Investment and Authorization Forms will be processed as promptly as
practicable by the Administrator and participation in the Plan will begin after
the properly completed form and payment, if applicable (in the case of Initial
Investments by non-shareholders) have been accepted by the Administrator.
PLAN SHARES
To fulfill Plan requirements, shares will be, at the Company's discretion,
purchased (i) directly from the Company in the form of either authorized but
unissued shares or treasury shares of the Company, (ii) on the open market,
(iii) or a combination thereof. Full and fractional shares acquired under the
Plan will be calculated to the third decimal place. The number of shares
purchased will be the total amount invested divided by the applicable Market
Price per share as described under the below caption "Price of Shares."
PURCHASE DATE
All purchases under the Plan of shares of the Common Stock directly from
the Company will be made on the first business day of each calendar month except
that purchases for reinvested cash dividends will be made on the first business
day of the months February, May, August and November. The applicable purchase
date is herein called the "Purchase Date."
Purchases under the Plan of shares of Common Stock on the open market will
be made by the Administrator beginning on the Purchase Date and will be
completed no later than 30 days from such Purchase Date, except where completion
at a later date is necessary or advisable under any applicable Federal or State
securities laws. Such open market purchases may be made on any securities
exchange where the Common Stock is traded, in the over-the-counter market or by
negotiated transactions and may be subject to such pricing, delivery and other
terms to which the Administrator may agree.
Neither the Company nor any Participant shall have the authority or power
to direct the time or price at which shares of Common Stock may be purchased, or
the selection of the broker or dealer through or from whom Common Stock
purchases will be made.
PRICE OF SHARES
The price to the Participant of Common Stock purchased under the Plan will
be at 100% of the "Market Price", as hereinafter described. The "Market Price"
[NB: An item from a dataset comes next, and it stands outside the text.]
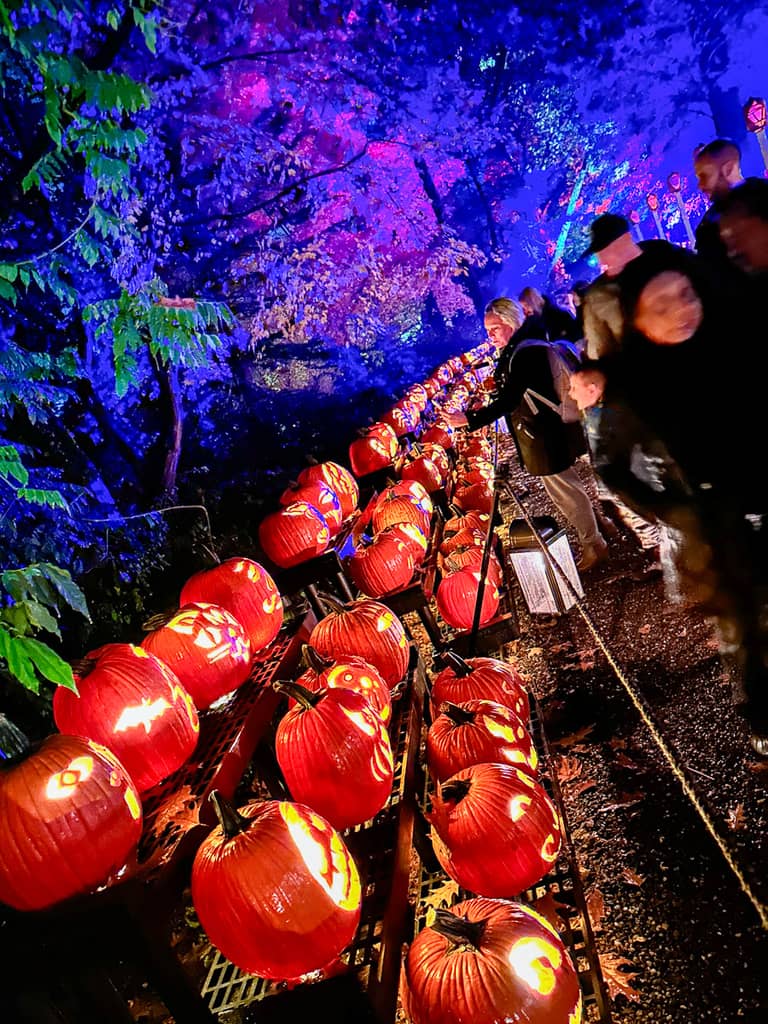 Jack O'Lanterns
of Common Stock shares purchased on behalf of the Plan directly from the Company
will be the closing price of the Common Stock on the Purchase Date as reported
on the New York Stock Exchange listing of composite transactions. If no such
report is made for the Purchase Date, the Market Price will be established based
on the closing price of Common Stock as reported on such listing for the nearest
day immediately preceding the Purchase Date.
In the event of an open market purchase, the Market Price for the Common
Stock will be the weighted average purchase price of all Common Stock shares
purchased on behalf of the Plan for the relevant Purchase Date.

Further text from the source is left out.